Lee Logan and The Original Drifters

New Orleans Heartbreakers and Big Al Carson

Otis Redding

Patti LaBelle

Playing for Change Band

Prince Buster

Solomon Burke

Terence Trent D'Arby

The Band

Tina Turner

Wes Mackey

Lyrics

I was born by the river in a little tent
Oh and just like the river I've been running ev'r since
It's been a long time, a long time coming
But I know a change gonna come, oh yes it will

It's been too hard living, but I'm afraid to die
'Cause I don't know what's up there, beyond the sky
It's been a long, a long time coming
But I know a change gonna come, oh yes it will

I go to the movie and I go downtown
Somebody keep tellin' me don't hang around
It's been a long, a long time coming
But I know a change gonna come, oh yes it will

Then I go to my brother
And I say brother help me please
But he winds up knockin' me
Back down on my knees, oh
There have been times that I thought I couldn't last for long
But now I think I'm able to carry on
It's been a long, a long time coming
But I know a change is gonna come, oh yes it will

Lyrics by Sam Cooke

Artist Statement

In his song, "A Change Is Gonna Come", singer Sam Cooke gave testimony to his struggles (shared and personal) for civil rights and social justice. He sang about change being "a long time coming," but, despite the hardships, knew "a change is gonna come." His song became an anthem for the civil rights movement, speaking to human uplift and triumph against adversity. Many artists have recorded "A Change Is Gonna Come" as part of their personal activism for civil rights.
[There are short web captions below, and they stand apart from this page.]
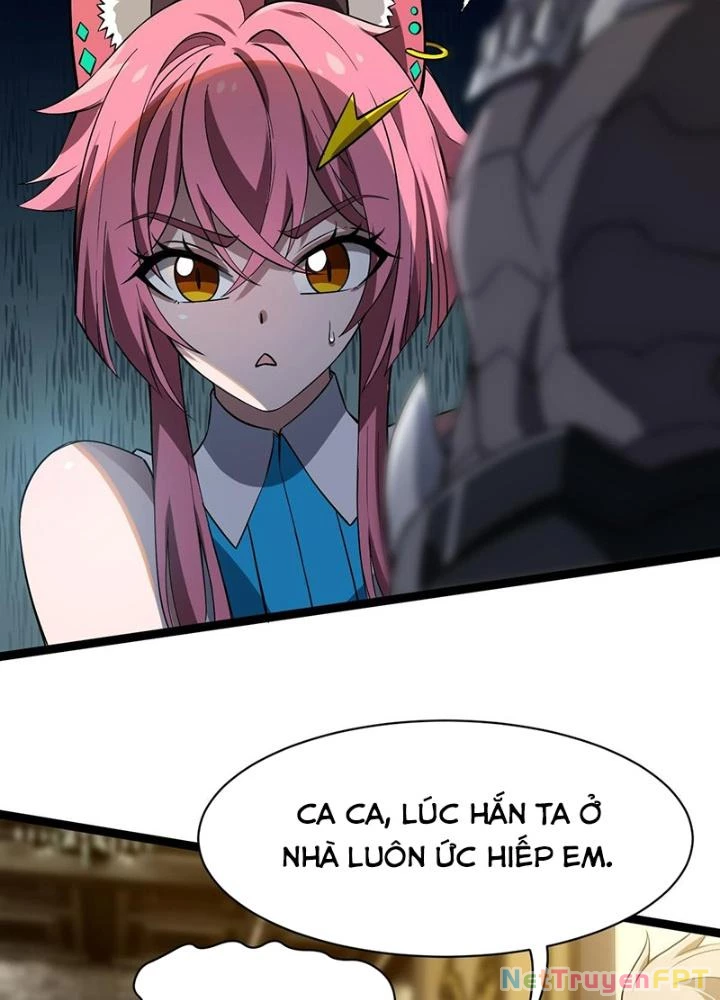 Cực Đại Khoa Trương Chapter 38 - 31
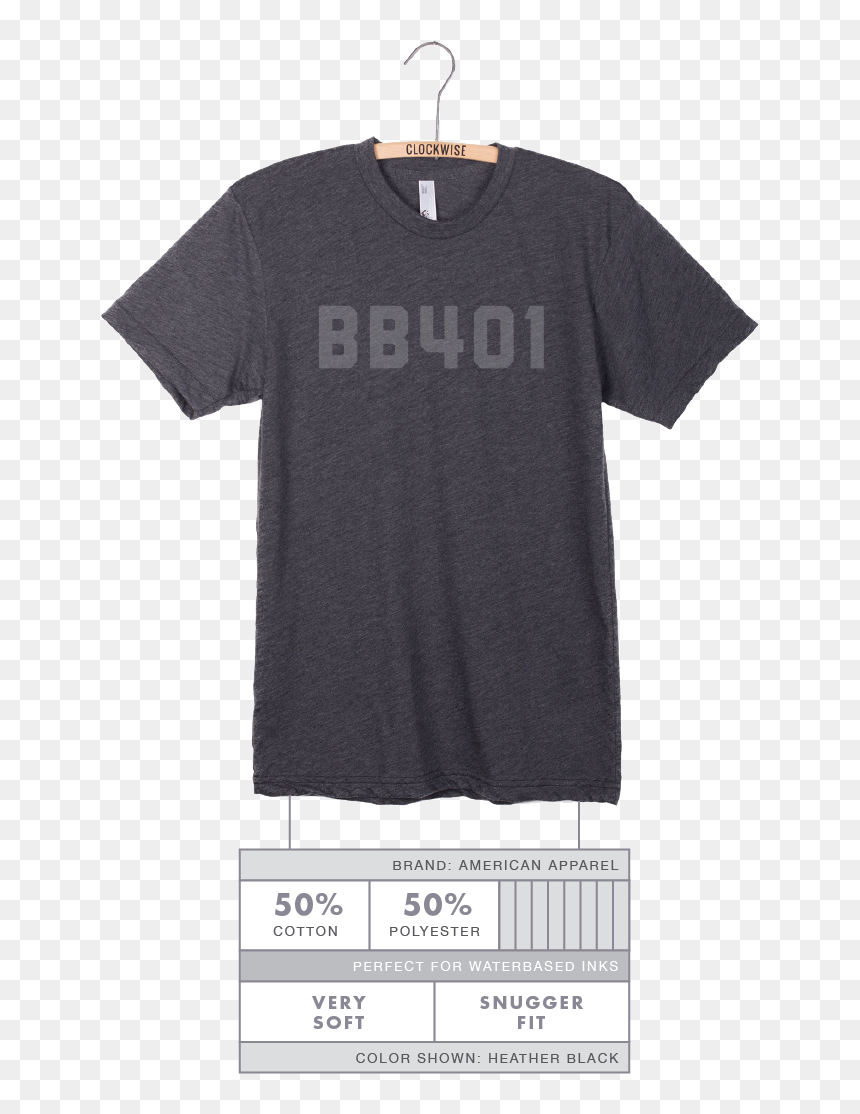 Blank T Shirts Png - Clothes Hanger, Transparent Png - blank white shirt png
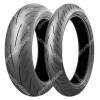 Bridgestone BATTLAX S22 180/55 R17 73W TL ZR (BB)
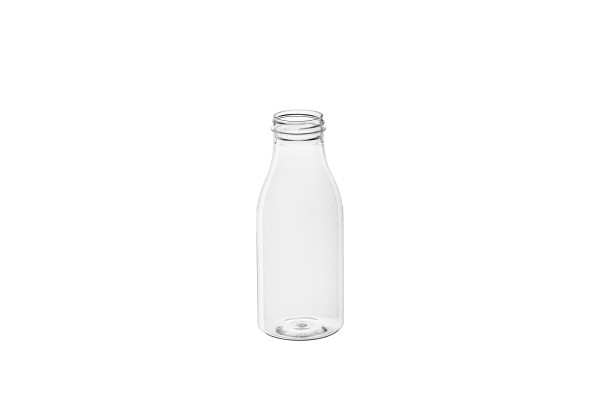 Flasche Typ 06 PET 45-400 750 ml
At a time when civil rights are attacked with renewed vigor, from the highest level of government, and social justice is routinely denied many people, it is important to remember the struggles of Cooke and others who sought to facilitate change in our communities, society, and world.

I like to think that my combination of several versions of "A Change Is Gonna Come" will prompt you to think about Cooke's personal struggles against racism, discrimination, and disrespect. Perhaps you have similar struggles. Surely you know of others who face this adversity. I hope this project will prompt you to do what you can to hasten the arrival of positive change that will make all our lives better, more just.